*Work to be completed*. Please copy exactly the lines from the first in the records through the line that contains "#刘些宁 #GiveYouMyHeart #StoryOfKunningPalace", but not the pictures.

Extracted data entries
────

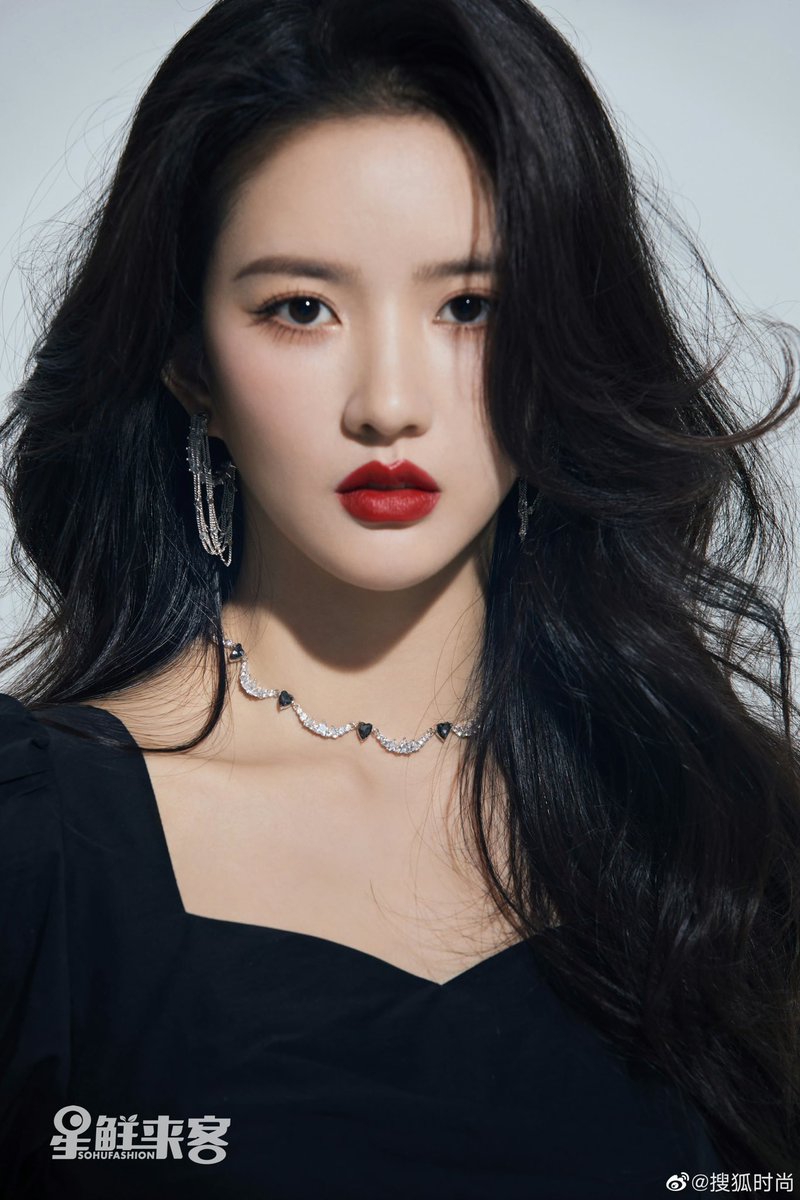 dramaskfan's tweet photo. #LiuXieNing para Sohu Fashion.
Mais fotos: https://t.co/ciHiOZAs1T
https://t.co/70zoTKsqvw
#刘些宁 #GiveYouMyHeart #StoryOfKunningPalace #NightOfLoveWithYou #HelloDebateOpponent #cdrama #dorama https://t.co/bxbb9F4bBN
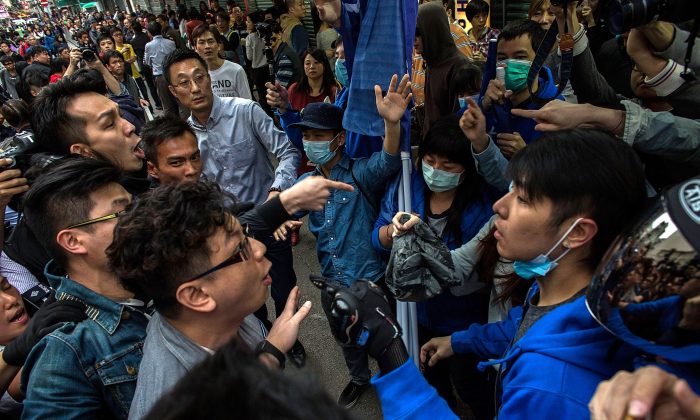 Столкновения протестующих со сторонниками правительства в Юэн Луне во время митинга против параллельной торговли товарами 1 марта 2015 года в Гонконге. (Лам Ик Фей / Getty Images) | Epoch Times Россия
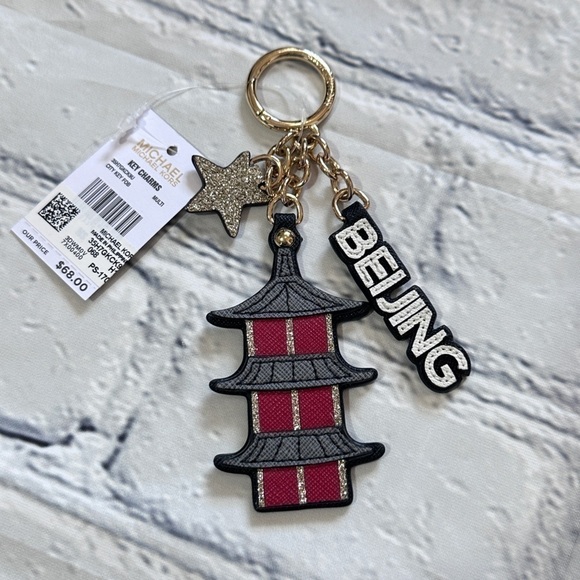 NWT Michael Kors Beijing City Key Fob - Picture 1 of 2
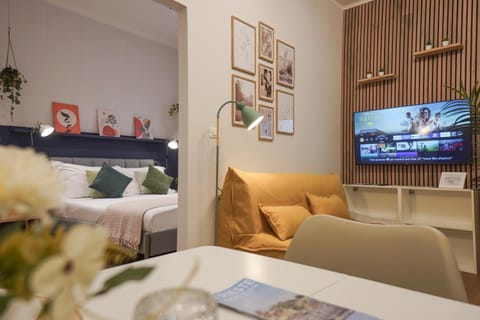 Bed, Day, TV and multimedia, Living room, Photo of the whole room, Seating area, Evening entertainment, Bedroom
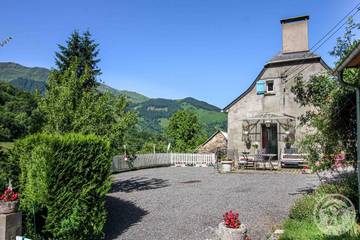 Gîte pour 4 personnes, avec jardin et terrasse à Bagnères-de-Bigorre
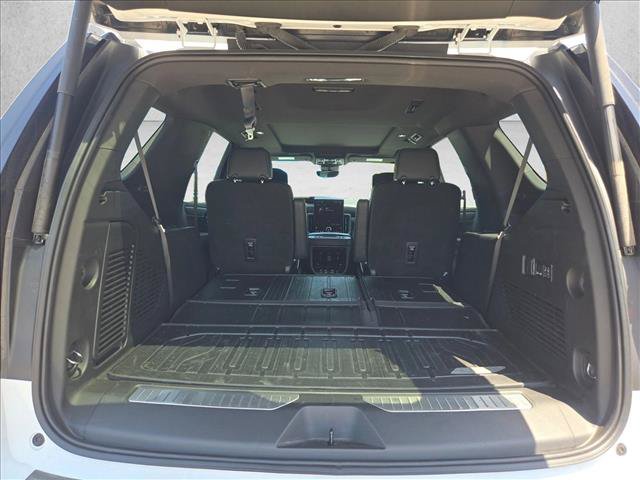 Used 2026 GMC Yukon AT4 Ultimate AWD/4WD image 6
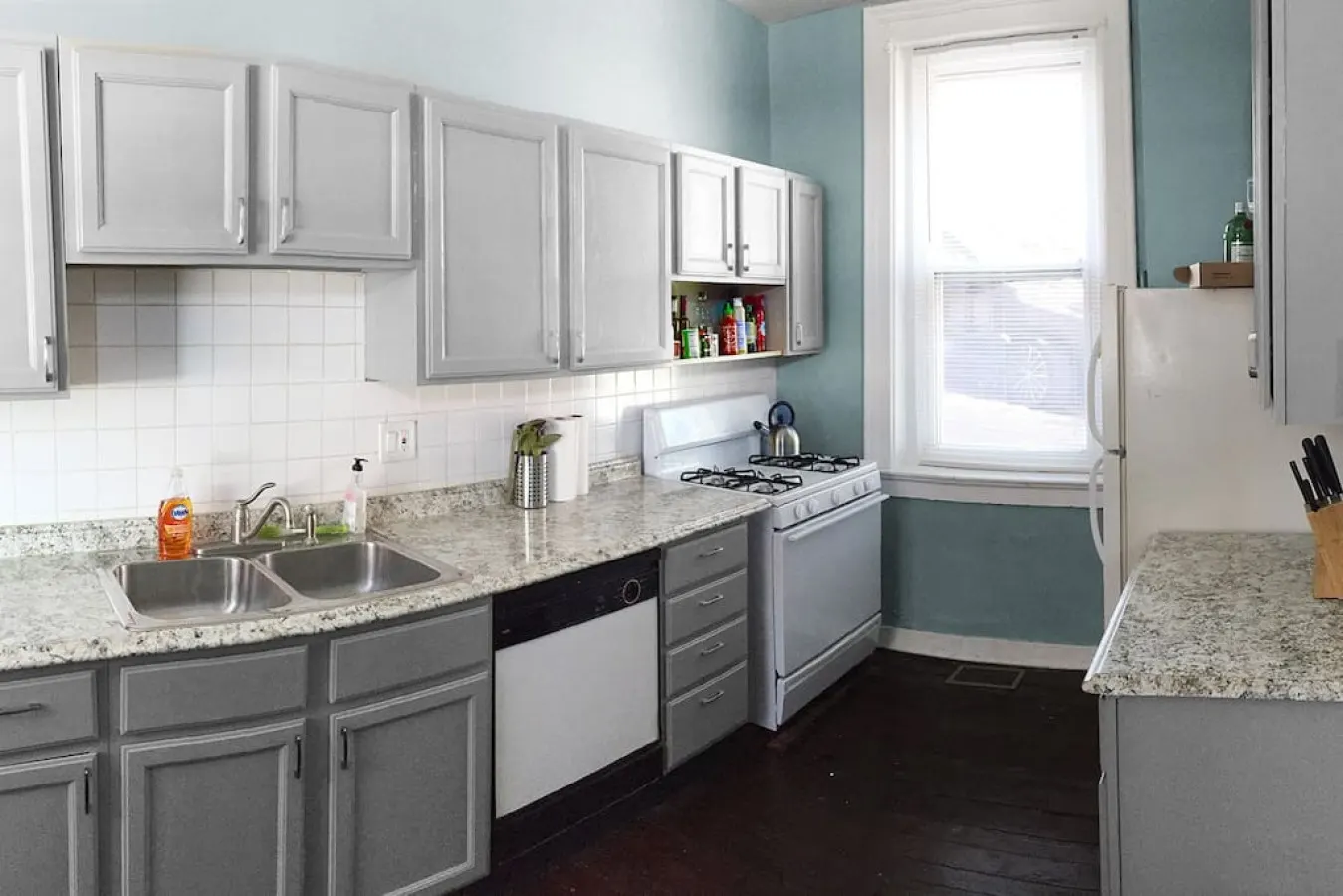 Cozy Apt in Walkable Area Downtown w/ Parking 3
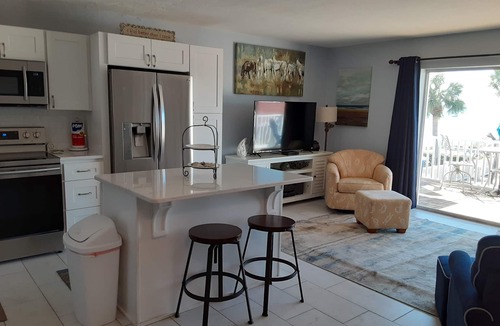 Bayview Condo | Get an additional 5% discount when you book 90 days, June, July and Aug 2026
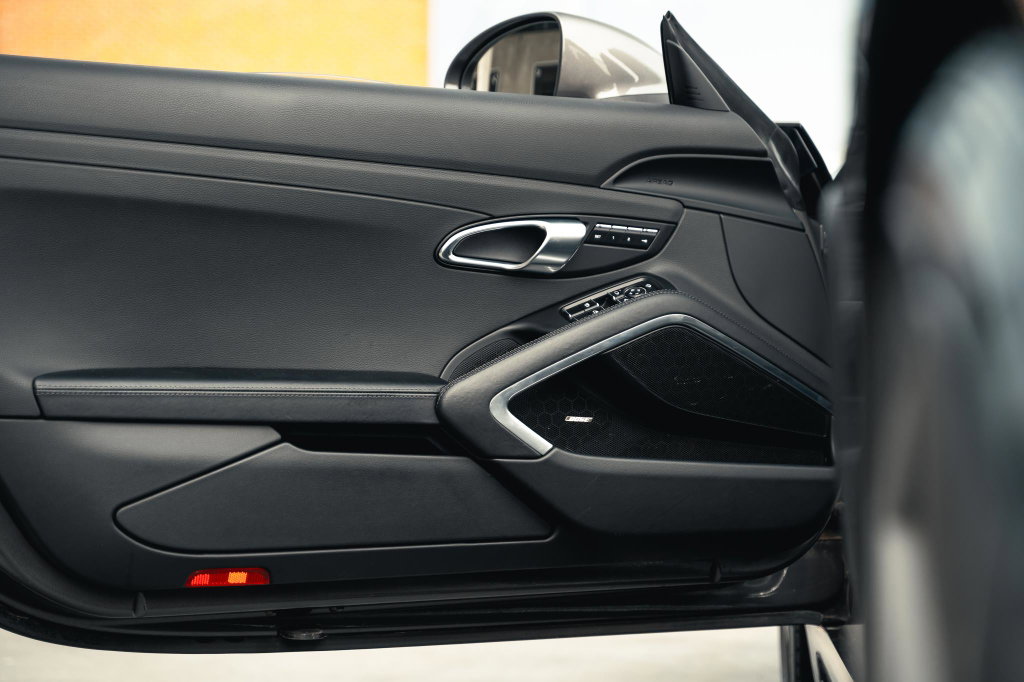 Porsche 718 Boxster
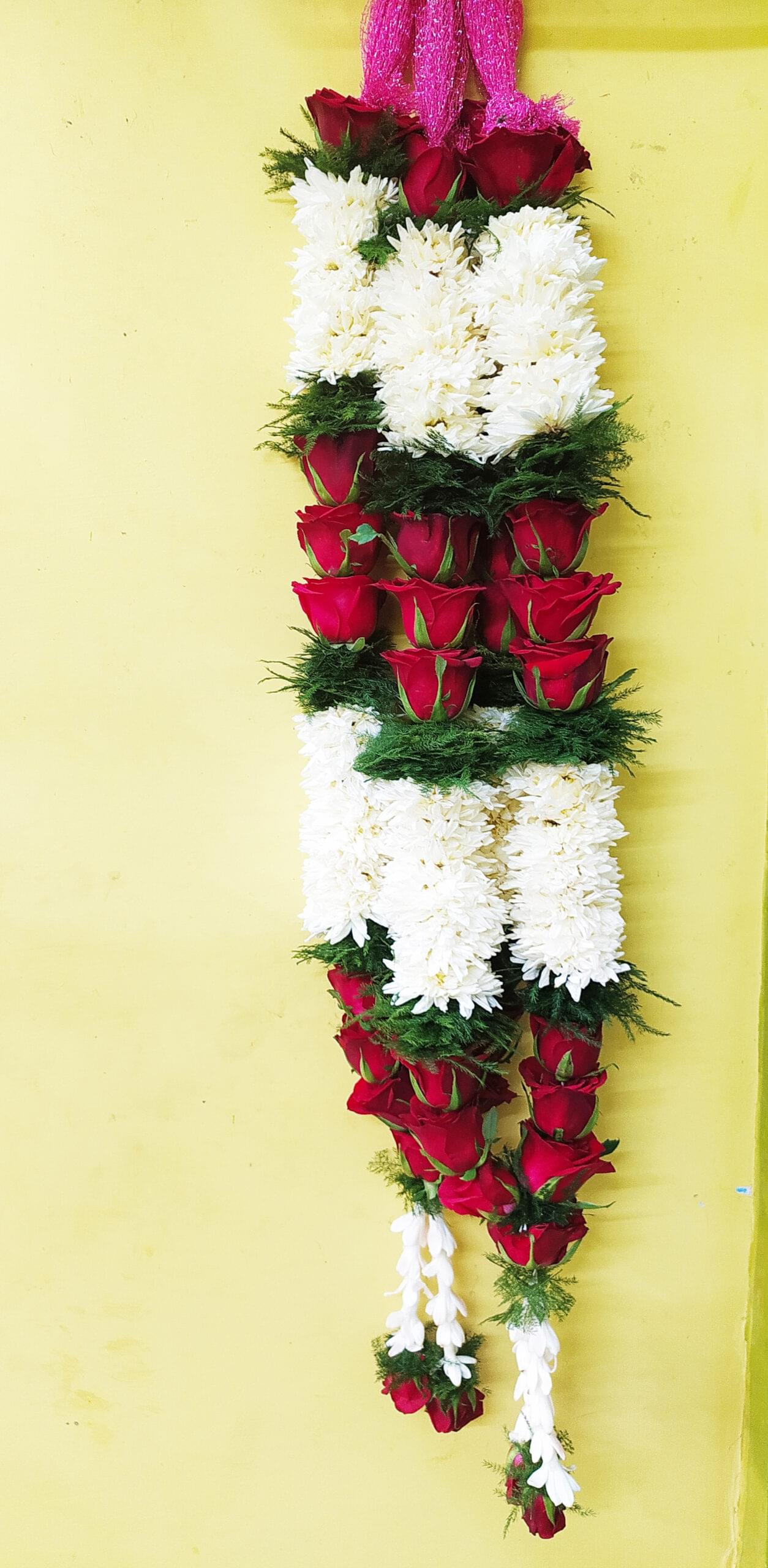 Red Rose & Shevanti Varmala 2 Red Rose & Shevanti Varmala - Image 2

────

*Task solution*.
 dramaskfan's tweet photo. #LiuXieNing para Sohu Fashion.
Mais fotos: https://t.co/ciHiOZAs1T
https://t.co/70zoTKsqvw
#刘些宁 #GiveYouMyHeart #StoryOfKunningPalace #NightOfLoveWithYou #HelloDebateOpponent #cdrama #dorama https://t.co/bxbb9F4bBN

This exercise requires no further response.